BRIEF: Leave out every picture and set down, exactly, the lines below from the one holding "el procedimiento administrativo" up to and including the one holding "1. **品牌背景**：".

INFORMATION GIVEN:
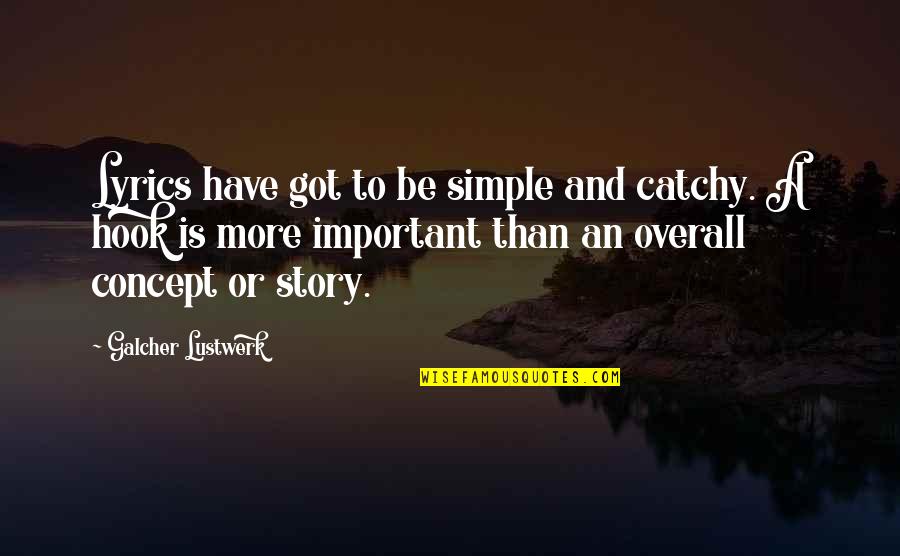 Rejelat Quotes By Galcher Lustwerk: Lyrics have got to be simple and catchy.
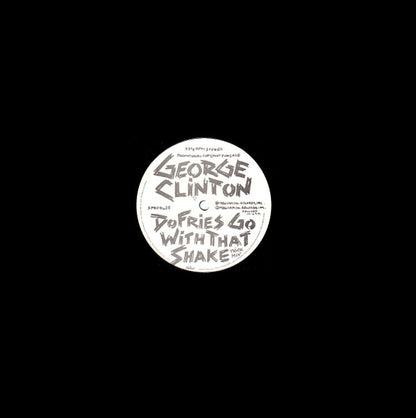 George Clinton : Do Fries Go With That Shake (12", Single, Promo)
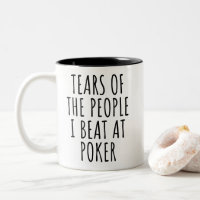 Lágrimas das Pessoas que espanco no Poker Engraçad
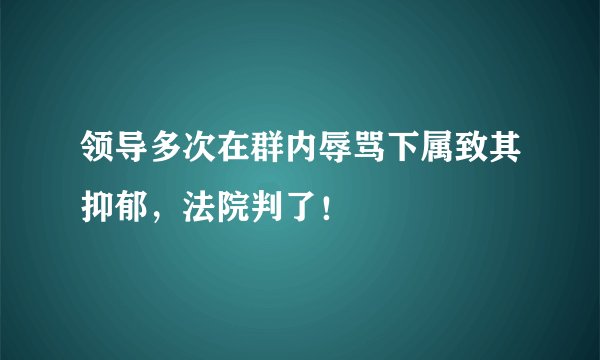 领导多次在群内辱骂下属致其抑郁，法院判了！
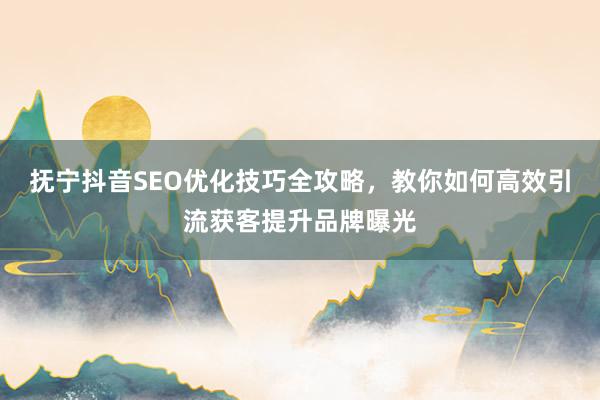 抚宁抖音SEO优化技巧全攻略，教你如何高效引流获客提升品牌曝光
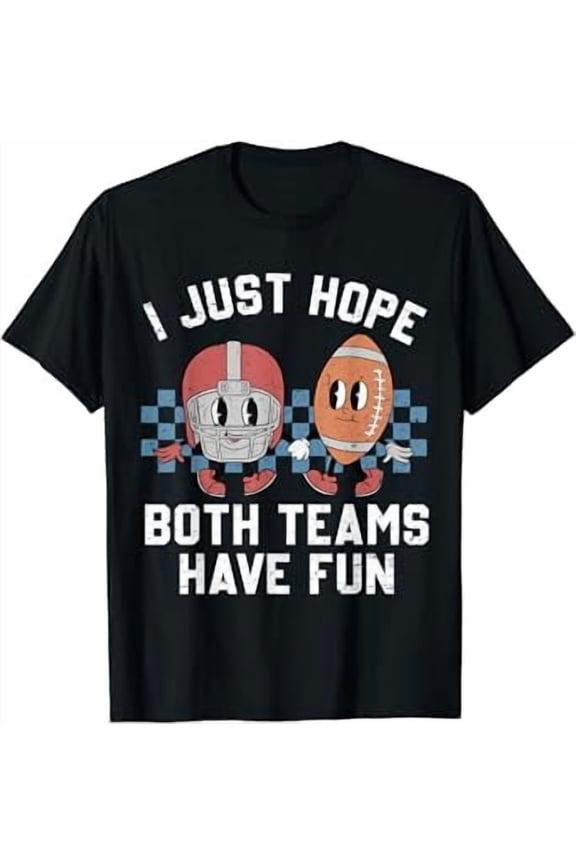 Both Teams Have Fun Football T-Shirt, Birthday Gift
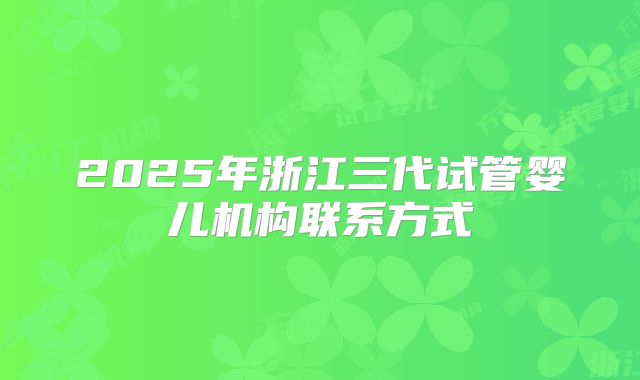 2025年浙江三代试管婴儿机构联系方式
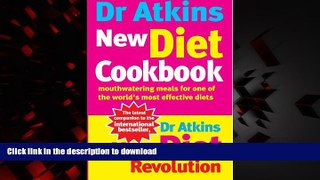 Read book  Dr Atkins New Diet Cookbook: Mouth-Watering Meals to Accompany the Most Effective Diet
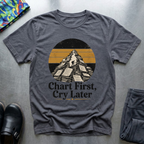 Chart First, Cry Later T-Shirt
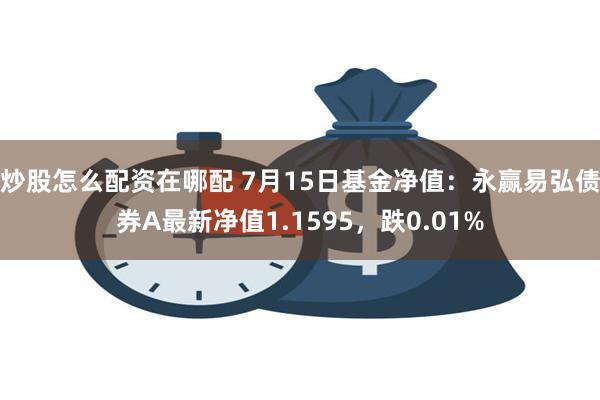 炒股怎么配资在哪配 7月15日基金净值：永赢易弘债券A最新净值1.1595，跌0.01%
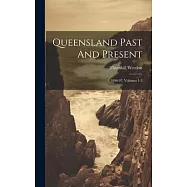 Queensland Past And Present: 1896-97, Volumes 1-2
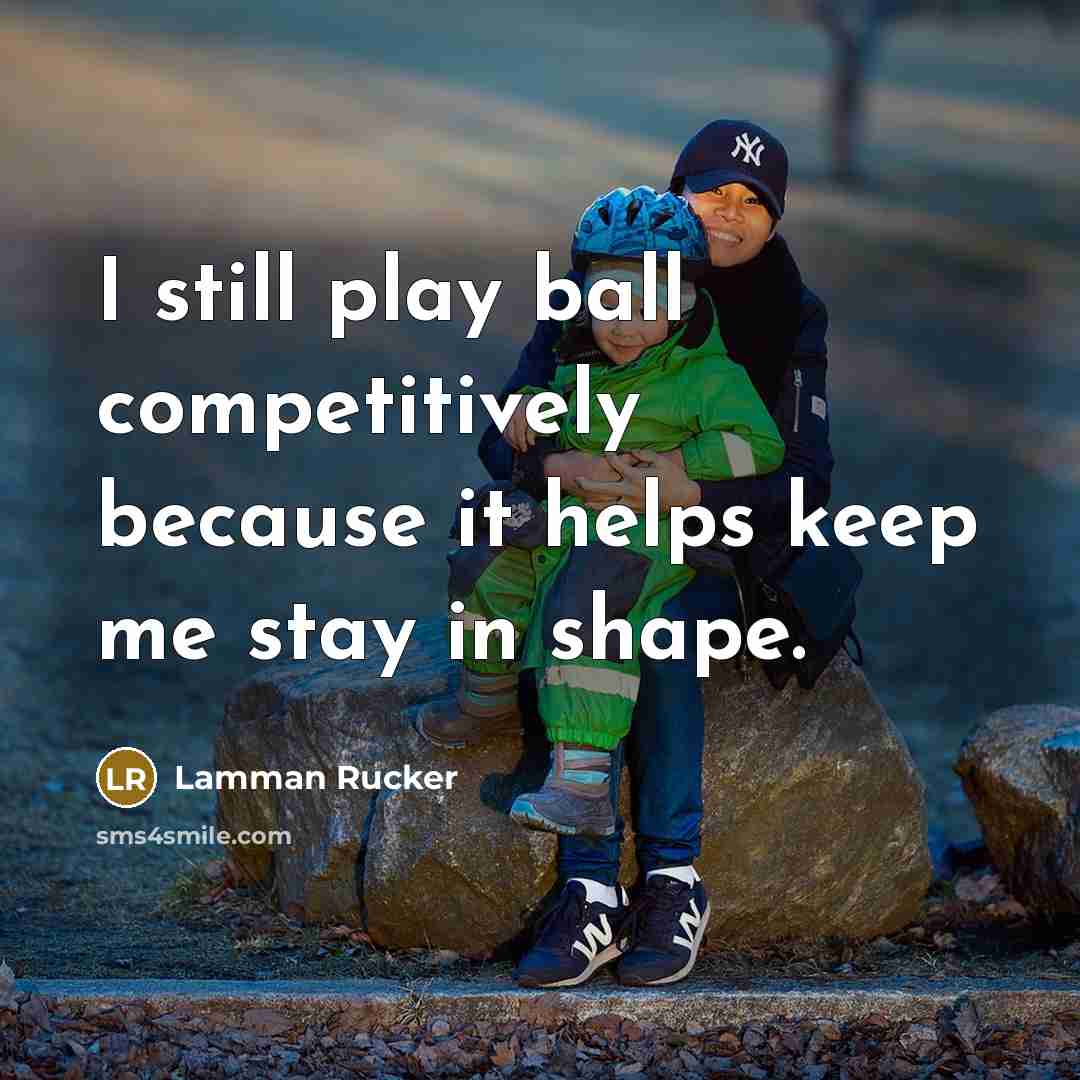 “I still play ball competitively because it helps keep me stay in shape.” quote by Lamman Rucker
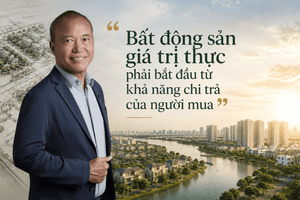 Chủ tịch Nam Long (NLG) Nguyễn Xuân Quang: Bất động sản giá trị thực phải bắt đầu từ khả năng chi trả của người mua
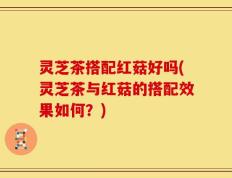 灵芝茶搭配红菇好吗(灵芝茶与红菇的搭配效果如何？)
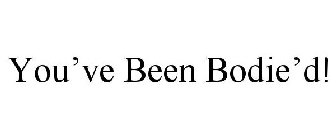 YOU'VE BEEN BODIE'D!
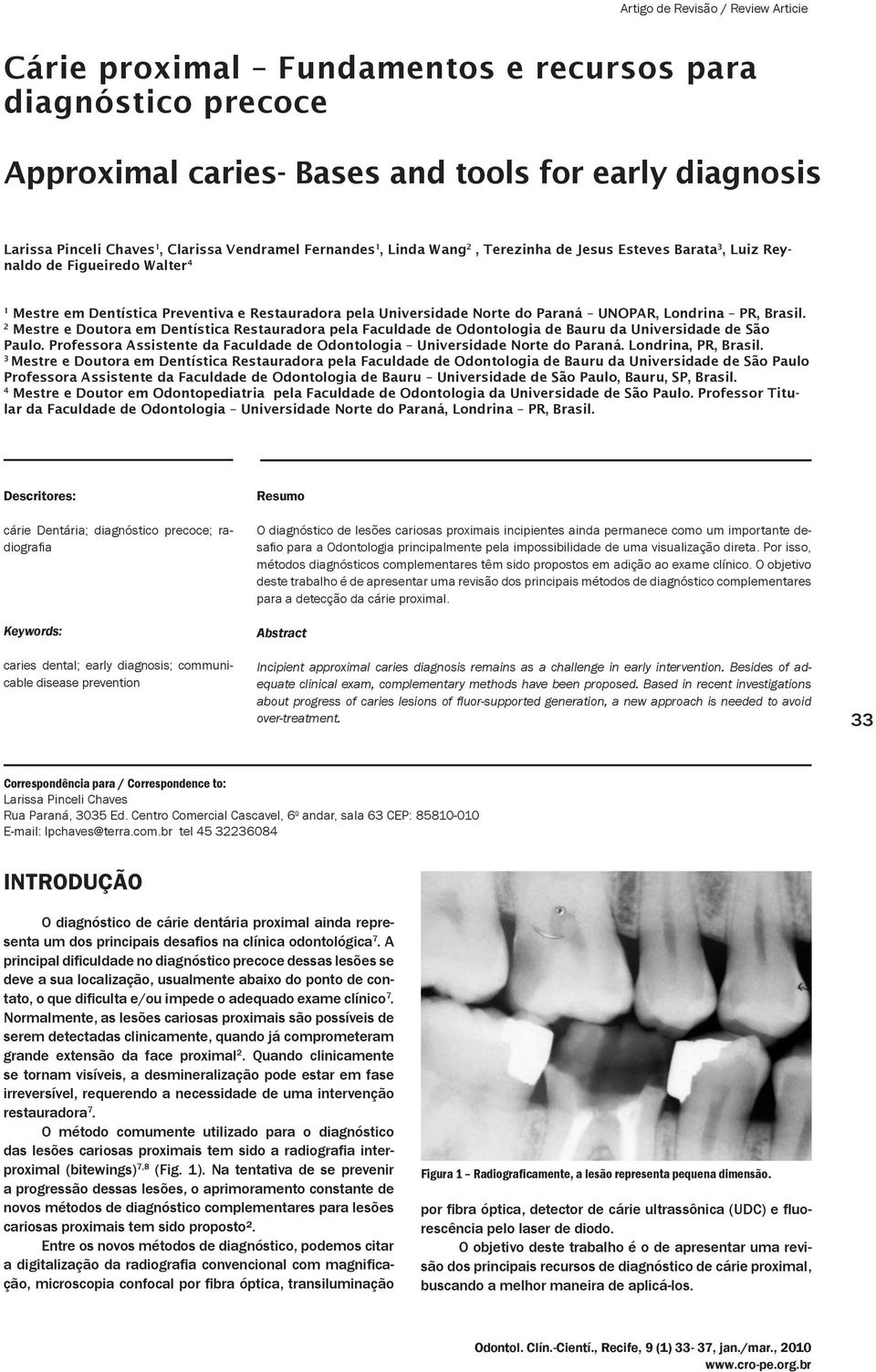 Londrina PR, Brasil. 2 Mestre e Doutora em Dentística Restauradora pela Faculdade de Odontologia de Bauru da Universidade de São Paulo.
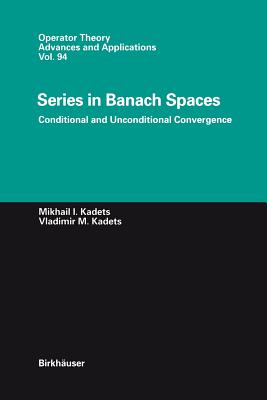 Series in Banach Spaces: Conditional and Unconditional Convergence - Kadets, Vladimir
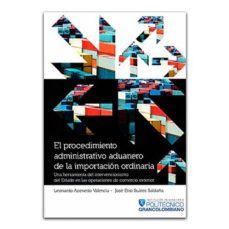 el procedimiento administrativo aduanero de la importacion ordinaria-leonardo y otro acevedo velencia-9789588721446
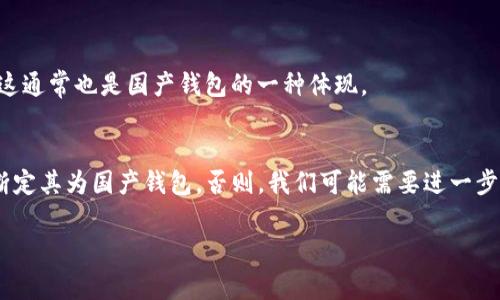 在讨论“TP官方钱包是否是国产的”这个问题之前，我们需要了解TP官方钱包本身的背景和功能。TP官方钱包，通常是与TP（通常指“TP-Link”）这个品牌相关的数字钱包或虚拟货币钱包。

要确定TP官方钱包的国籍，我们需要考虑以下几个因素：

1. **品牌背景**：
   TP-Link是一家成立于中国的网络设备制造商，专注于路由器、交换机、无线接入设备等产品。因此如果TP官方钱包与TP-Link有直接关联，那么应当可以认定为国产。

2. **钱包功能与来源**：
   如果TP官方钱包旨在为用户提供数字资产管理、虚拟货币交易等功能，那么检查其软件开发团队和背景就显得尤为重要。在官网、应用市场或相关文档中，通常会有开发者的信息，这能够帮助我们判断其国籍。

3. **市场定位**：
   如果TP官方钱包主要面向中国市场，且使用中文界面、符合中国用户习惯，那么这通常也是国产钱包的一种体现。

### 结论
如果TP官方钱包确实是由TP-Link公司开发，或者由其授权并提供服务，那么可以断定其为国产钱包。否则，我们可能需要进一步查询该钱包的具体开发信息及背景来下结论。

如果您对TP官方钱包有更多具体的疑问或使用方面的需求，欢迎继续提问！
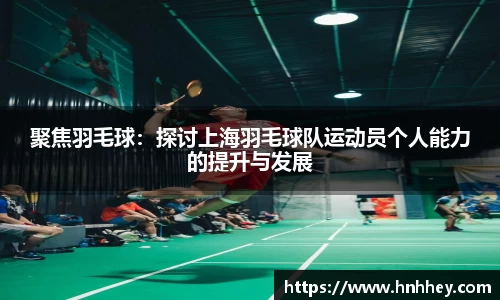 聚焦羽毛球：探讨上海羽毛球队运动员个人能力的提升与发展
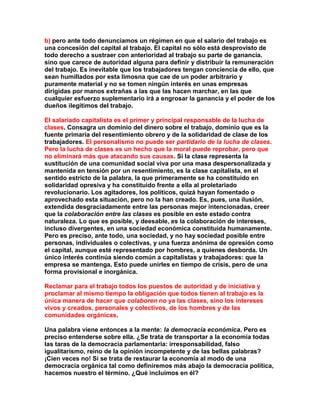 b) pero ante todo denunciamos un régimen en que el salario del trabajo es una concesión del capital al trabajo. El capital no sólo está desprovisto de todo derecho a sustraer con anterioridad al trabajo su parte de ganancia. sino que carece de autoridad alguna para definir y distribuir la remuneración del trabajo. Es inevitable que los trabajadores tengan conciencia de ello, que sean humillados por esta limosna que cae de un poder arbitrario y puramente material y no se tomen ningún interés en unas empresas dirigidas por manos extrañas a las que las hacen marchar, en las que cualquier esfuerzo suplementario irá a engrosar la ganancia y el poder de los dueños ilegítimos del trabajo. 
El salariado capitalista es el primer y principal responsable de la lucha de clases. Consagra un dominio del dinero sobre el trabajo, dominio que es la fuente primaria del resentimiento obrero y de la solidaridad de clase de los trabajadores. El personalismo no puede ser partidario de la lucha de clases. Pero la lucha de clases es un hecho que la moral puede reprobar, pero que no eliminará más que atacando sus causas. Si la clase representa la sustitución de una comunidad social viva por una masa despersonalizada y mantenida en tensión por un resentimiento, es la clase capitalista, en el sentido estricto de la palabra, la que primeramente se ha constituido en solidaridad opresiva y ha constituido frente a ella al proletariado revolucionario. Los agitadores, los políticos, quizá hayan fomentado o aprovechado esta situación, pero no la han creado. Es, pues, una ilusión, extendida desgraciadamente entre las personas mejor intencionadas, creer que la colaboración entre las clases es posible en este estado contra naturaleza. Lo que es posible, y deesable, es la colaboración de intereses, incluso divergentes, en una sociedad económica constituida humanamente. Pero es preciso, ante todo, una sociedad, y no hay sociedad posible entre personas, individuales o colectivas, y una fuerza anónima de opresión como el capital, aunque esté representado por hombres, a quienes desborda. Un único interés continúa siendo común a capitalistas y trabajadores: que la empresa se mantenga. Esto puede unirles en tiempo de crisis, pero de una forma provisional e inorgánica. 
Reclamar para el trabajo todos los puestos de autoridad y de iniciativa y proclamar al mismo tiempo la obligación que todos tienen al trabajo es la única manera de hacer que colaboren no ya las clases, sino los intereses vivos y creados, personales y colectivos, de los hombres y de las comunidades orgánicas. 
Una palabra viene entonces a la mente: la democracia económica. Pero es preciso entenderse sobre ella. ¿Se trata de transportar a la economía todas las taras de la democracia parlamentaria: irresponsabilidad, falso igualitarismo, reino de la opinión incompetente y de las bellas palabras? ¡Cien veces no! Si se trata de restaurar la economía al modo de una democracia orgánica tal como definiremos más abajo la democracia política, hacemos nuestro el término. ¿Qué incluimos en él?  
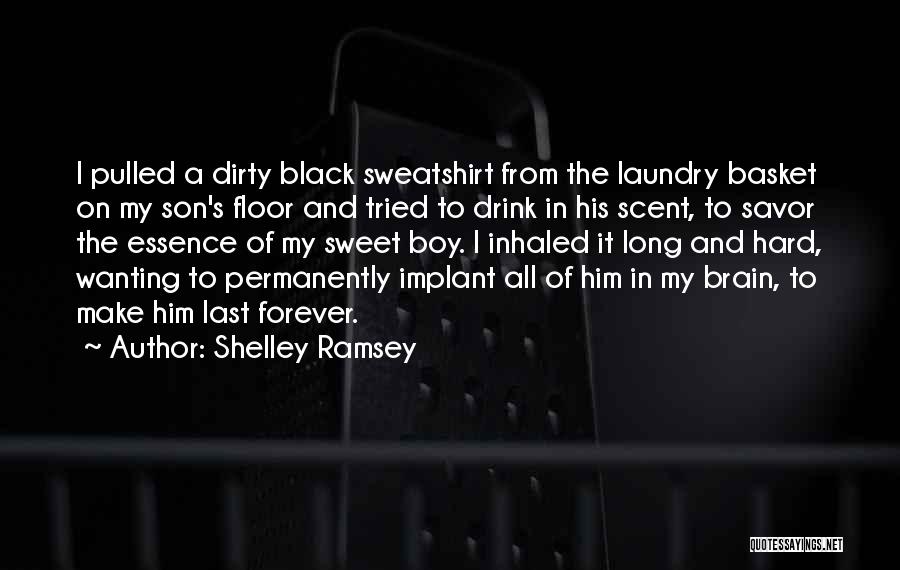 Shelley Ramsey Quotes: I Pulled A Dirty Black Sweatshirt From The Laundry Basket On My Son's Floor And Tried To Drink In His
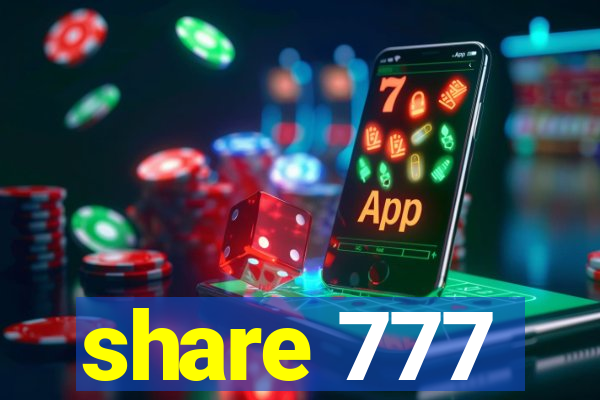 share 777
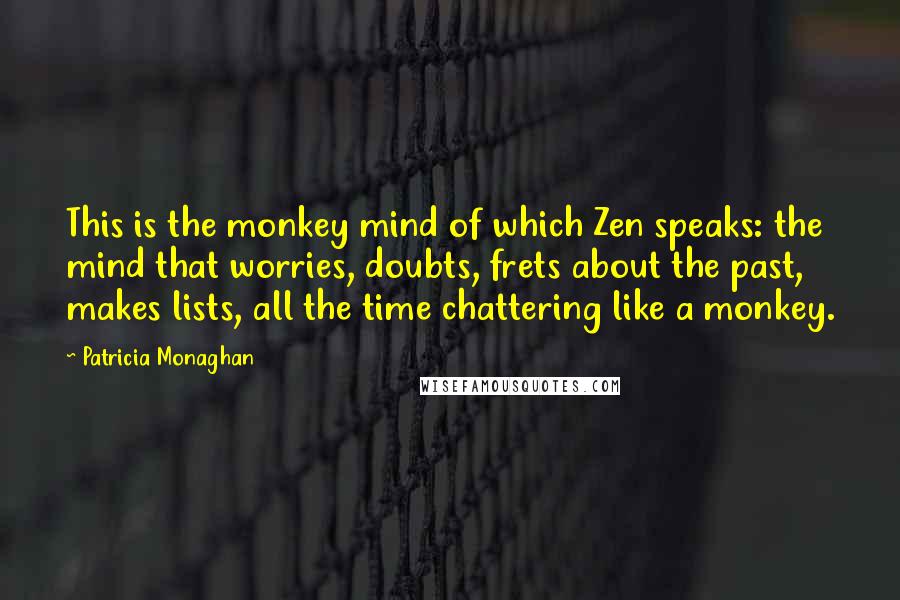 Patricia Monaghan Quotes: This is the monkey mind of which Zen speaks: the mind that worries, doubts, frets about the past, makes lists, all the time chattering like a monkey.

SOLUTION:
 el procedimiento administrativo aduanero de la importacion ordinaria-leonardo y otro acevedo velencia-9789588721446
 在讨论“TP官方钱包是否是国产的”这个问题之前，我们需要了解TP官方钱包本身的背景和功能。TP官方钱包，通常是与TP（通常指“TP-Link”）这个品牌相关的数字钱包或虚拟货币钱包。

要确定TP官方钱包的国籍，我们需要考虑以下几个因素：

1. **品牌背景**：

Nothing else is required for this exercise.